Fiscais com mais poder  
Tecnologia entra no combate ao risco sanitário e equipes vão usar
palmtops, computador portátil que vai agilizar e melhorar o trabalho
em BH, primeira capital a adotar o sistema
Fonte: Jornal Estado de Minas
Data: Sexta-feira, 14 de junho de 2006
     
 

 
     
 

Os fiscais sanitários da região do Barreiro, em Belo Horizonte,receberam, ontem, um importante aliado para agilizar e melhorar o trabalho. A fiscalização será feita com palmtops, um computador portátil.

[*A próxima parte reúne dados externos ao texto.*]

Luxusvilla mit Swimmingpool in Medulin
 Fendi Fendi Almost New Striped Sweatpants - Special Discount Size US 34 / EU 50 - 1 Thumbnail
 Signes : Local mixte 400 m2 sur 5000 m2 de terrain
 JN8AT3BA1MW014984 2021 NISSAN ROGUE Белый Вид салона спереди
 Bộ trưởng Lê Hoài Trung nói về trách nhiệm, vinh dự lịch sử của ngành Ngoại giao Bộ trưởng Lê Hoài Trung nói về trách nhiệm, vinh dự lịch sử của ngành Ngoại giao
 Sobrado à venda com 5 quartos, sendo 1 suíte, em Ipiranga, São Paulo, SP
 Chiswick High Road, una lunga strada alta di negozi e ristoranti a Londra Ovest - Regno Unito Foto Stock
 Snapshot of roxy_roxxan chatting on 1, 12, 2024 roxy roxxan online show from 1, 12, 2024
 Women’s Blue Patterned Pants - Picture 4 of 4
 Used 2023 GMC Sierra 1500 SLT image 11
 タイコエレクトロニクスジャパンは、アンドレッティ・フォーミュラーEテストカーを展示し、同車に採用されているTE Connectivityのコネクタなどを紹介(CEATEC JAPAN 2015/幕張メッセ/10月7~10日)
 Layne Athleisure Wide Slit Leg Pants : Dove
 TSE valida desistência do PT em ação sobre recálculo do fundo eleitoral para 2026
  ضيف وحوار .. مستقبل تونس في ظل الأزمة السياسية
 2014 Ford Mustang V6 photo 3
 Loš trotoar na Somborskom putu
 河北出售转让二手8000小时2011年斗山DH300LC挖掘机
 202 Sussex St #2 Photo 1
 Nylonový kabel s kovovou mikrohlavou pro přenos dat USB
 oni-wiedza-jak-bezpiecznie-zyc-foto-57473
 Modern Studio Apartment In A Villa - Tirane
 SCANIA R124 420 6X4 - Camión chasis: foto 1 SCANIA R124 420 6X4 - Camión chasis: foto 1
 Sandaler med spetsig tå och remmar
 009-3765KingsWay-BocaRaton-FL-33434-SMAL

Os aparelhos vão permitir o armazenamento de dados estatísticos e epidemiológicos, além do diagnóstico de risco. “Com o acesso a todos esses dados numéricos e qualitativos, os 50 mil estabelecimentos da capital poderão ser postos na ordem de risco sanitário. O fiscal poderá vistoriar, com prioridade, os locais em que há risco mais grave medido pela vistoria”, afirma o gerente da Vigilância Sanitária em BH, Eduardo Camargos Couto.

“Os resultados serão mais positivos, pois a medição do risco direcionará os trabalhos. Nenhuma fiscalização deixará de ser feita, mas onde for mais grave atuaremos imediatamente”, afirma. Em 2005, foram feitas 62 mil visitas. Doze mil delas foram provocadas por reclamações da população. O sistema de trabalho é pioneiro no país e faz parte do processo de informatização sanitária na capital.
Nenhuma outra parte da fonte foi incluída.